I believe what you're running into is similar to what I've recently experienced a few times as mentioned in my DBA.StackExchange question. I'm by no means an expert on what's happening but will try to summarize my understanding.
When you join two tables together, the SQL Engine utilizes statistics on your data (based on the fields in your predicates) to determine the most efficient operation to use when actually joining the data together. A lot of this depends on the cardinalities of those predicates, in other words how much data is expected to be returned by them.
There are three main operations (types of joins internally) that the SQL Engine can choose to use, depending on how many rows it expects your join will return: Nested Loop Join, Merge Join, and Hash Join. There is also an internal metric, commonly referred to as "the tipping point" which is a cutoff that the SQL Engine uses (based on the cardinalities) to determine when to use one of the previously mentioned join operations to serve your query.
Nested Loop Joins are typically most efficient when joining two small datasets together as opposed to Hash Joins being more efficient for joining large datasets together. (There's also some other other characteristics for when one is more performant than the other as well, such as if the data is already sorted on the join predicate.) From a procedural programming languages perspective, think of Nested Loops as an outer loop that's processing another inner loop inside of it and comparing each value of the inner loop to the current value of the outer loop, whereas Hash Joins do what the name implies and hashes the data of the predicates to do a hash lookup when joining.
The issue you may be encountering (if similar to the one in my linked question above) is that for some reason the SQL Engine doesn't think your data crosses the tipping point threshold that warrants it to upgrade from a Nested Loop Join operation to a Merge or Hash Join operation. I based my guess on forcing a Hash Join by using the join hint on the fact that your
Table1 has almost ~3.5 million rows, and your estimated execution plan is showing a Nested Loops operation when ultimately joining it to
I presume when you do one of the few things you've mentioned that help improve performance, if you analyze the actual execution plan, you'll likely noticed that specific Nested Loops operation is now replaced with either a Merge or Hash Join.

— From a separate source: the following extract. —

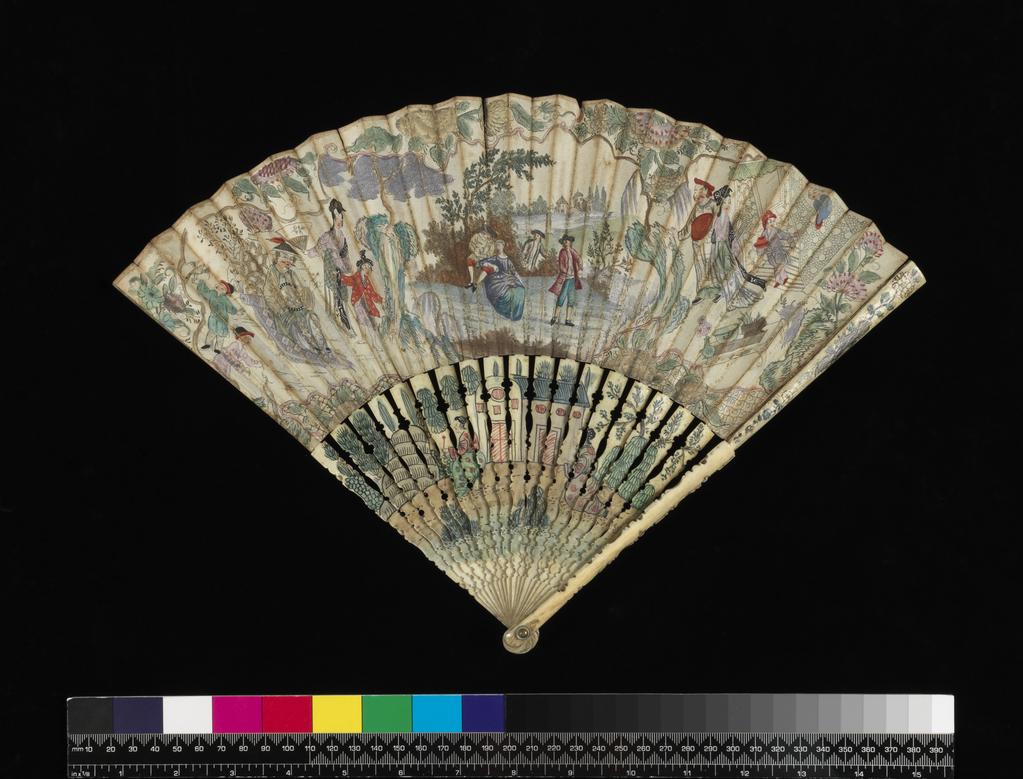 An image of Folding fan with a central pastoral scene of a seated European courting couple, watched by two men, set against a European-style landscape, the whole flanked by oriental motifs and figures within oriental landscapes. Paper leaf decorated on one side with hand-coloured etching, the top edge reinforced with an adhered narrow plain paper border, on shaped, painted, and varnished elephant ivory sticks and guards. Circa 1740. Chinoiserie. English.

Erik's mention of a "row goal" issue led me to find a couple of relevant resources you might find interesting as well:
Row Goals Gone Rogue - Bart Duncan - This discusses a little bit on reasons why a Nested Loop Join may be favoured (to meet a row goal) over a Hash Join.
Setting And Identifying Row Goals In Execution Plans - Paul White - Goes more in depth on row goals, what can trigger them, and further discusses causes for Nested Loops to be favoured over Hash Joins.
I'll try to elaborate and improve this answer further when I get more time, but I'd like to finally mention that join hints are generally not an ideal solution and should really only be used when left with no other option to get across the finish line with performance tuning. But they are certainly helpful in trying to debug the cause of a performance issue, such as the one you're currently experiencing.